We have formulas $\phi(x)$ with free occurrences of $x$, like e.g. $x=0$.
If we put a quantifier in front, what we get is $\forall x \phi(x)$. The formula $\phi(x)$ will be the scope of the leading quantifier and all occurrences of $x$ in $\phi(x)$ will be bound, because they are in the scope of the quantifier.
We can formalize it through an "operator" $\text {FV}$ that takes in input a formula $\phi$ and gives as output the set of free variables of the formula (see van Dalen, page 62):
if $\phi$ is an atomic formula, like e.g. $x=0$, all variables in $\phi$ are free (in our example, $\text {FV}(x=0)= \{ x \}$).

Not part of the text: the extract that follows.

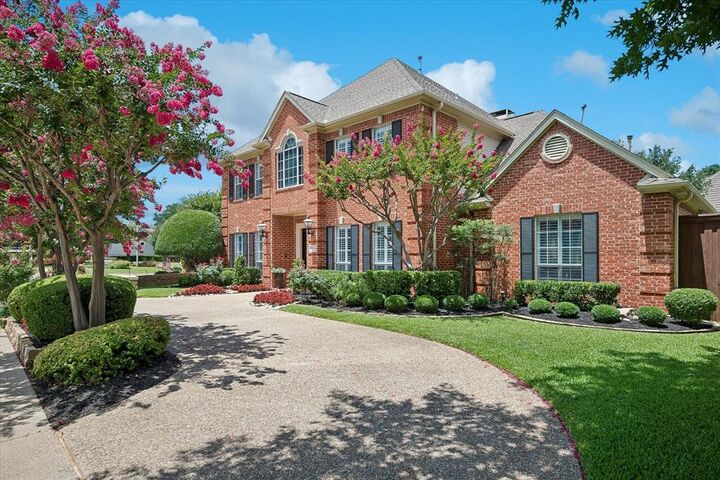 Property Photo: 4633 Charles Place TX 75093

Things are smooth for formulas with propositional connectives; the only interesting cases are those with quantifiers:
$\text {FV}(∃yψ)=\text {FV}(∀yψ)=\text {FV}(ψ) \setminus \{ y \}$.

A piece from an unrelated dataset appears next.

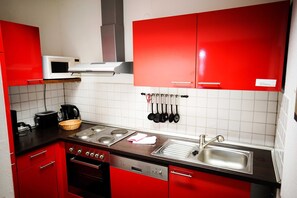 Køleskab, mikrobølgeovn, ovn, opvaskemaskine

The locution “$t$ is free for $x$ in $ϕ$” (where $t$ is a term, $x$ a variable and $\phi$ a formula) comes down to the fact that the (obviously free) variables of $t$ are not going to be bound after substitution in $ϕ$.
Thus, to be "free for" must ensure that a proper substitution is performed, producing a "correct" result $ϕ[t/x]$.
In order to do this, we need a formal defintion:
$t$ is free for $x$ in $ϕ$ if
(i) $ϕ$ is atomic;
(ii) $ϕ$ is $ϕ_1 \lor ϕ_2$ (or is $ϕ_1 \land ϕ_2$, or is $¬ϕ_1$) and $t$ is free for $x$ in $ϕ_1$ and $ϕ_2$;
(iii) $ϕ$ is $∃yψ$ (or $∀yψ$) and if $x ∈ \text{FV}(ϕ)$, then $y \notin \text{FV}(t)$ and $t$ is free for $x$ in $ψ$.
Consider now the simple example of a formula $\phi$:
$\exists y (y+x = 0)$,
and consider as $t$ the term: $y+1$.
The substitution $\phi[t/x]$ will produce:
$\exists y (y+y+1 = 0)$,
that is clearly wrong: $0$ is not the successor of any number.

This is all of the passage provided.